La liturgie de ce dimanche des Rameaux est un peu compliquée, mais riche en enseignements. Elle associe deux événements fort différents : l’entrée triomphale de Jésus à Jérusalem et sa pathétique crucifixion. En fait, aujourd’hui, dimanche, il ne faudrait célébrer que l’entrée triomphale de Jésus. C’est vendredi que nous célébrerons la crucifixion. Mais les organisateurs de la liturgie savaient que les gens travaillent le vendredi et que donc les chrétiens n’auraient pas la possibilité d’entendre le récit de la Passion. Et cette concomitance de ces deux célébrations aujourd’hui est riche d’enseignements théologiques.

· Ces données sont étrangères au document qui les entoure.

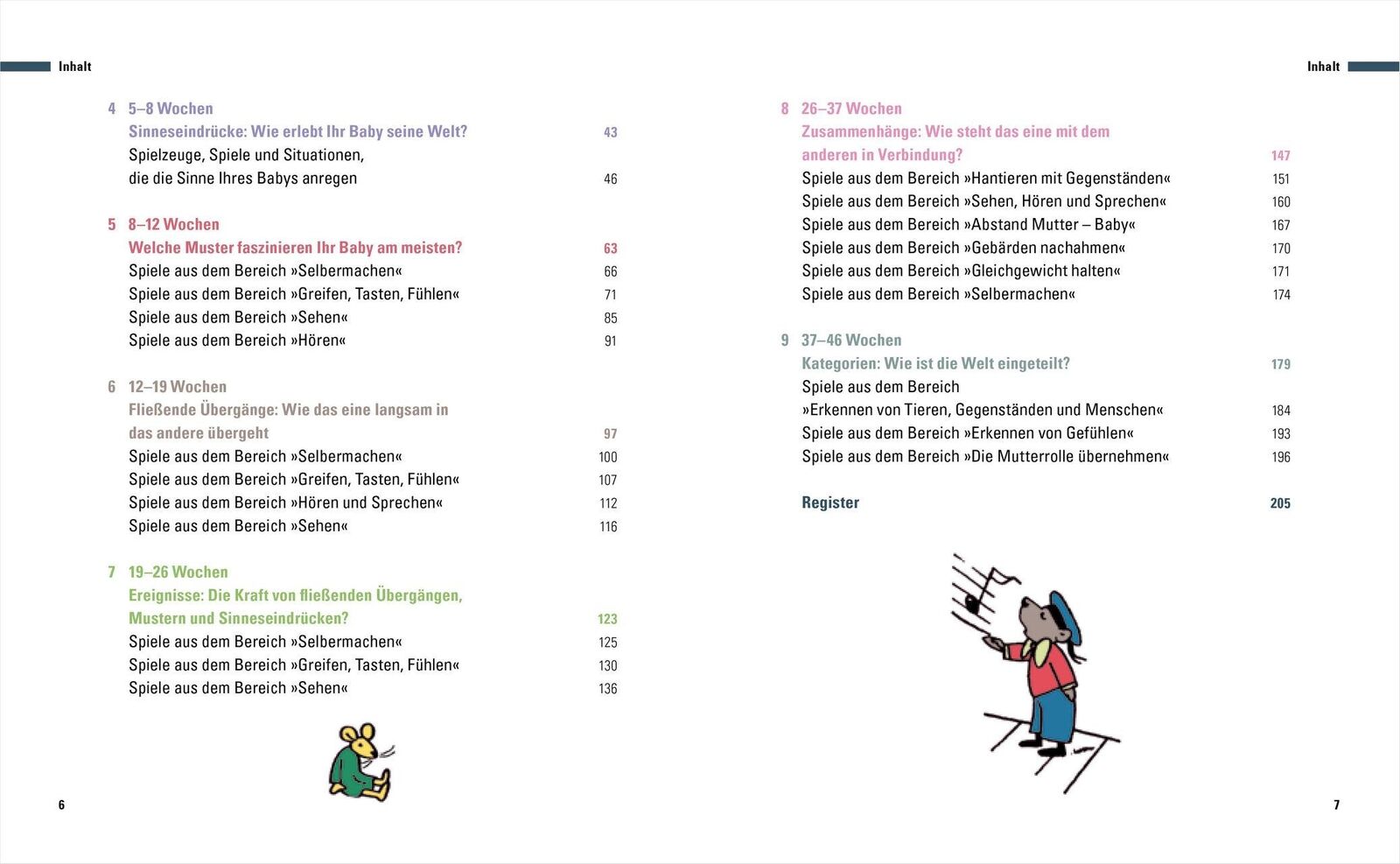 Thumbnail - Plooij Frans X. Oje, Ich Wachse Das Praxisbuch. Taschenbuch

Il y a tout d’abord cette proximité entre la gloir et le succès d’une part et d’autre l’échec et la mort. Ne dit-on pas que la roche tarpéienne est proche du Capitole ? Cela rappelle un événement dans l’histoire de la République romaine. Tarpeia avait sauvé Rome en entendant les oies crier à l’arrivée des envahisseurs, mais il prit une orientation politique qui révolta le peuple, et il fut précipité du haut d’une roche qui porte son nom, la roche tarpéienne. Cruelle dérision que la destinée humaine ! L’échec et l’humiliation sont bien proches du succès et de la gloire.
Et c’est là la deuxième leçon de cette liturgie. L’entrée solennelle de Jésus n’a duré qu’un bref instant : à peine dix lignes dans le texte sacré de l’Evangile. La Passion et la mort de Jésus ont duré bien plus longtemps : presque dix pages. Et c’est vrai que les lauriers de la gloire se fanent bien vite sur notre tête tandis que les cruelles blessures de nos échecs et de nos erreurs restent longtemps, bien longtemps douloureuses et sensibles.
Et c’est cela que Jésus, le Fils de Dieu, a voulu partager avec nous : la gloire éphémère de nos succès et la cuisante blessure de nos échecs. Elle est bien lourde à porter, cette mauvaise réputation – justifiée ou injustifiée – que certains se plaisent à rapporter et à entretenir contre chacun d’entre nous. Mais le plus beau personnage dans toute cette tragédie, n’est-ce pas le bon larron ? Ecrasé par la souffrance, rejeté et abandonné de tous, il a encore la force de faire confiance en Jésus, cet inconnu. « Souviens-toi de moi quand tu seras dans ton royaume. » N’est-ce pas là la plus belle que nous puissions dire à Dieu : « souviens-toi de moi » ? Et tout sera transformé.